# WHAT THE TASK ASKS:
Apart from the pictures, every record here must be copied word for word.

Data items:
------------------------------------------------------------
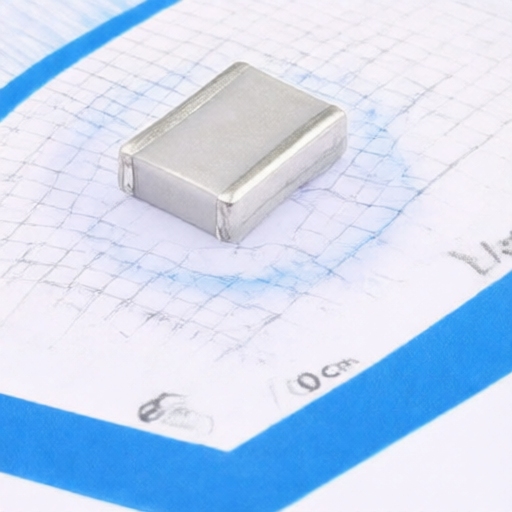 IHHEC C1825N393J501T for sale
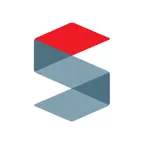 SUMMIT of MATH iOS Icon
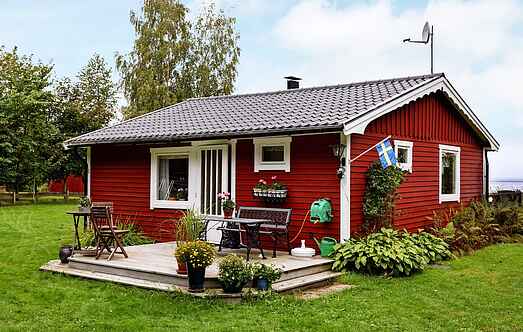 Sommerhus mh56090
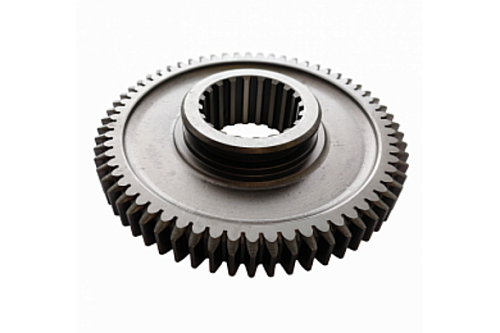 239-1701112-10 Шестерня 1-й передачи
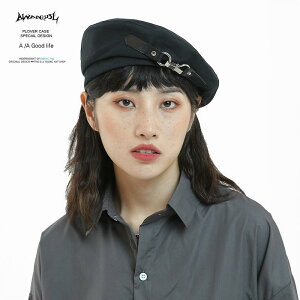 x[X fB[X tH n`O Xq O΍ Ăh~  ig 킢  ubN(x2)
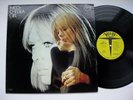 ULTRASONIC CLEAN - Nico Chelsea Girl 1967 Mono Promo Velvet Underground UNPLAYED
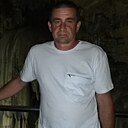 Вичеслав, 51 год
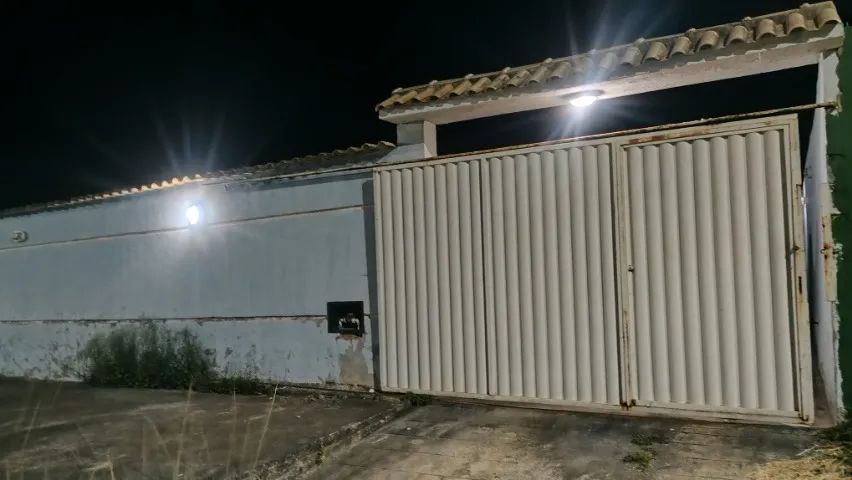 Casa pra temporada  - Foto 2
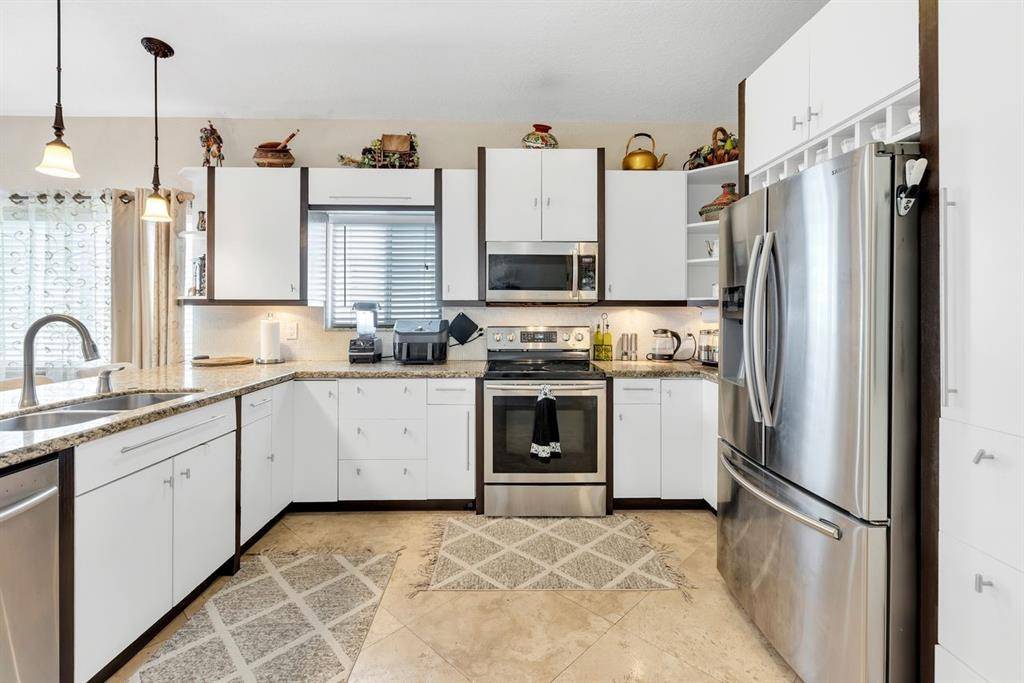 Deerfield Beach, FL 33442,1426 SW 45th Way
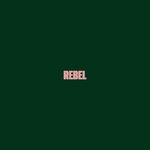 KANG-YOO-CHAN-Rebel-cover-mkpop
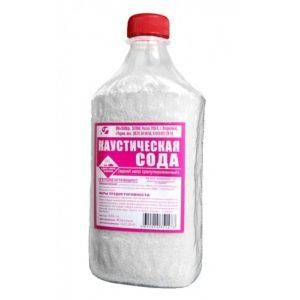 3 façons de nettoyer le drain dans la salle de bain si les produits chimiques ménagers ne vous aident plus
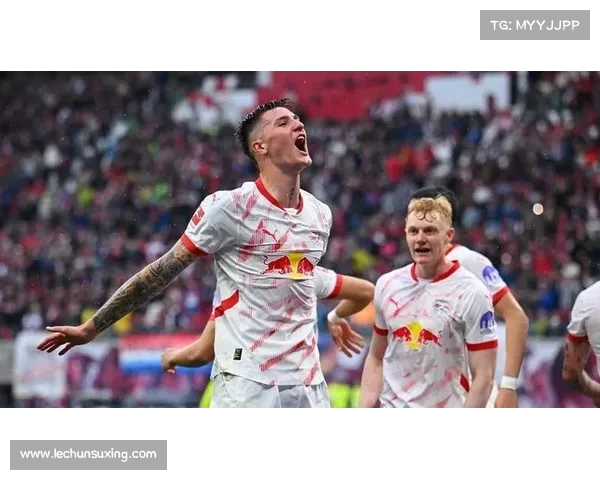 谢什科两度转会占据斯洛文尼亚球员历史前两位榜单 谢什科两度转会占据斯洛文尼亚球员历史前两位榜单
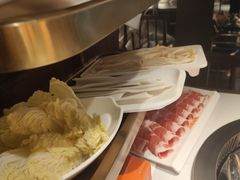 -晓宇重庆火锅(赛格国际购物中心店)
------------------------------------------------------------
# RESPONSE TO THIS EXERCISE:
 IHHEC C1825N393J501T for sale
 SUMMIT of MATH iOS Icon
 Sommerhus mh56090
 239-1701112-10 Шестерня 1-й передачи
 x[X fB[X tH n`O Xq O΍ Ăh~  ig 킢  ubN(x2)
 ULTRASONIC CLEAN - Nico Chelsea Girl 1967 Mono Promo Velvet Underground UNPLAYED
 Вичеслав, 51 год
 Casa pra temporada  - Foto 2
 Deerfield Beach, FL 33442,1426 SW 45th Way
 KANG-YOO-CHAN-Rebel-cover-mkpop
 3 façons de nettoyer le drain dans la salle de bain si les produits chimiques ménagers ne vous aident plus
 谢什科两度转会占据斯洛文尼亚球员历史前两位榜单 谢什科两度转会占据斯洛文尼亚球员历史前两位榜单
 -晓宇重庆火锅(赛格国际购物中心店)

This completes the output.